▶ **ACTIVITY**: Using the material below, print a verbatim copy of every line from the one containing "Vintage BAUSCH &" through the one containing "Erkek Siyah Deri Casual Loafer", inclusive, and omit the pictures.

▶ **RECORDED DATA**:
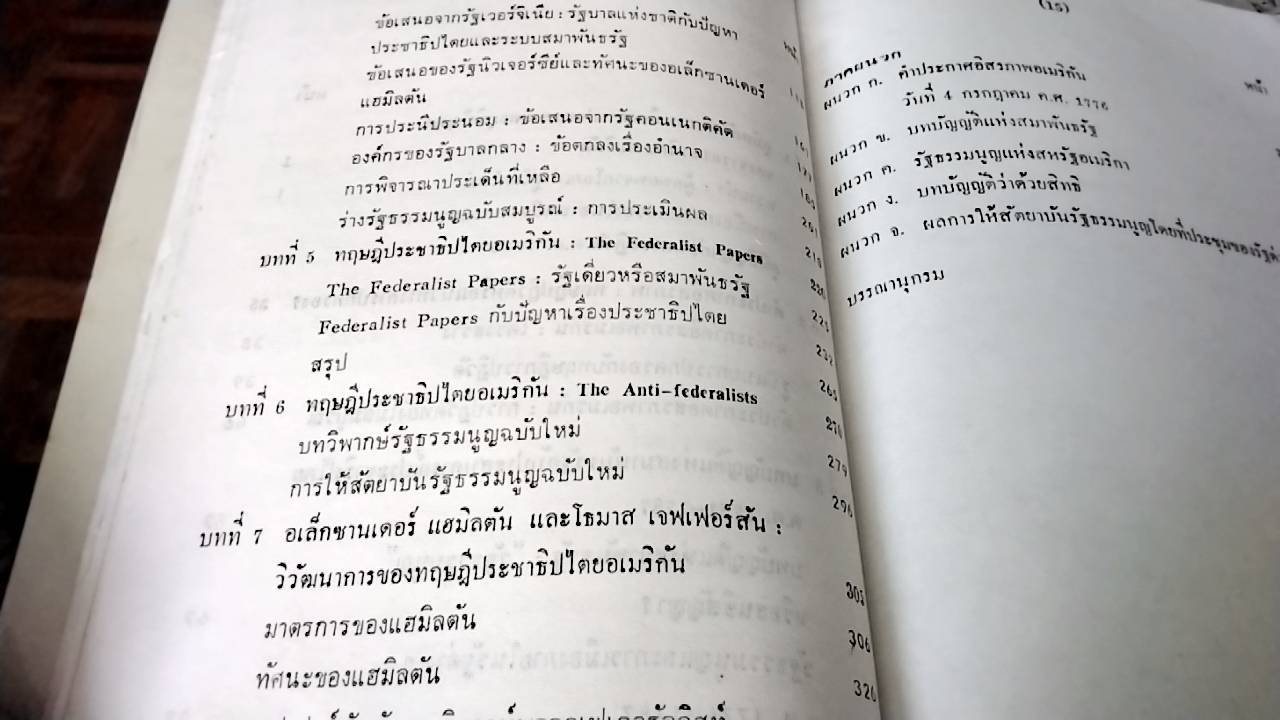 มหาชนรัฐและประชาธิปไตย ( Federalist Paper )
--
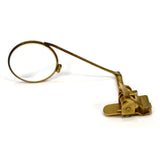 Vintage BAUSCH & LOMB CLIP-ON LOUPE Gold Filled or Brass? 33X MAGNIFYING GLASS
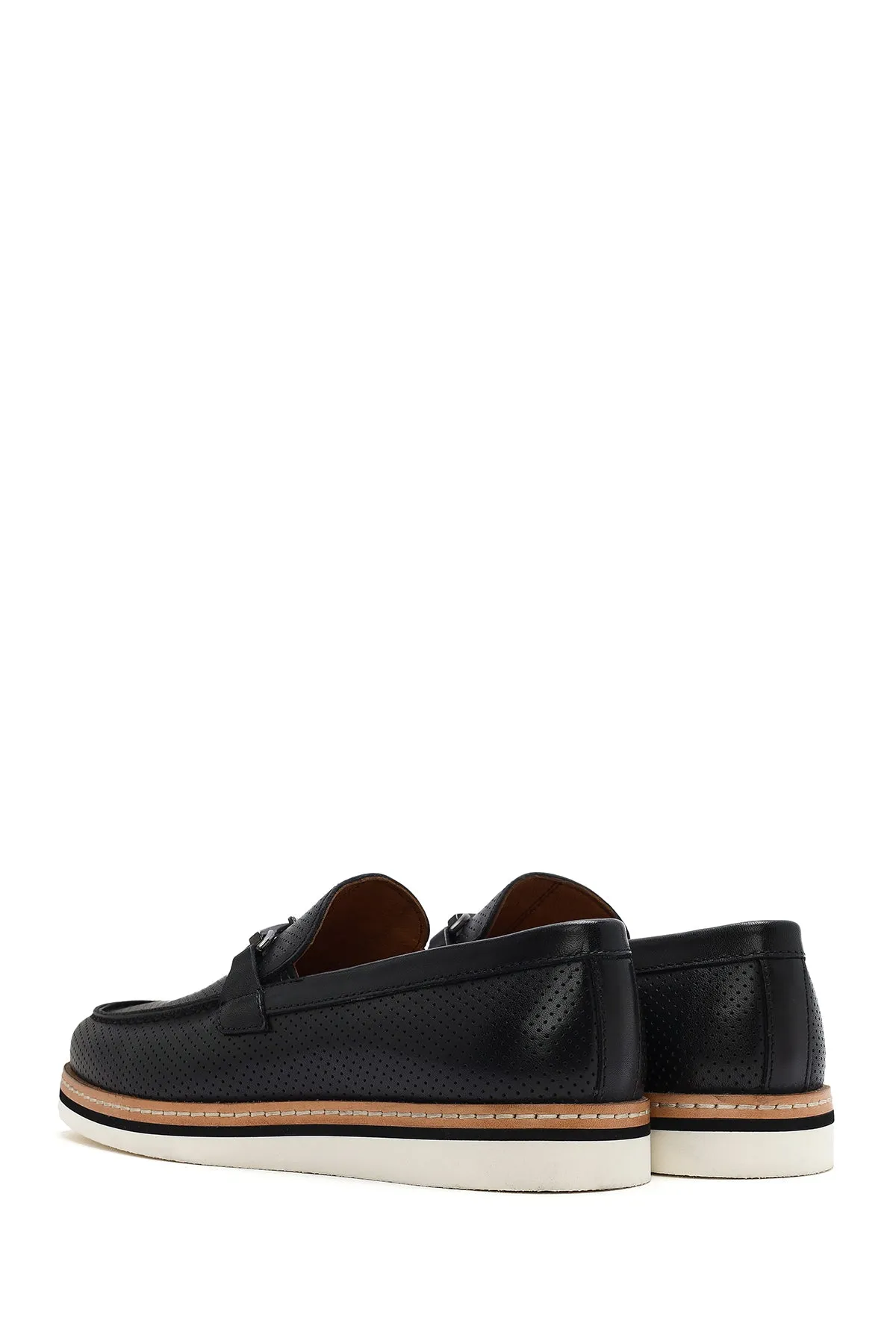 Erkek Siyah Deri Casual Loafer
---
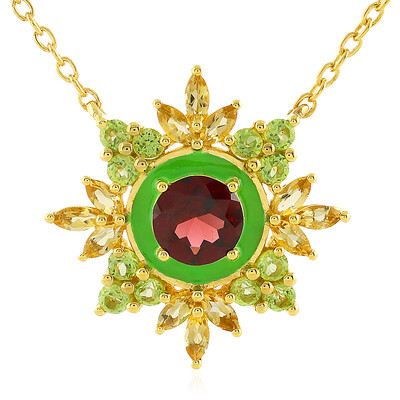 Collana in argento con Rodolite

▶ **WRITTEN REPLY**:
 Vintage BAUSCH & LOMB CLIP-ON LOUPE Gold Filled or Brass? 33X MAGNIFYING GLASS
 Erkek Siyah Deri Casual Loafer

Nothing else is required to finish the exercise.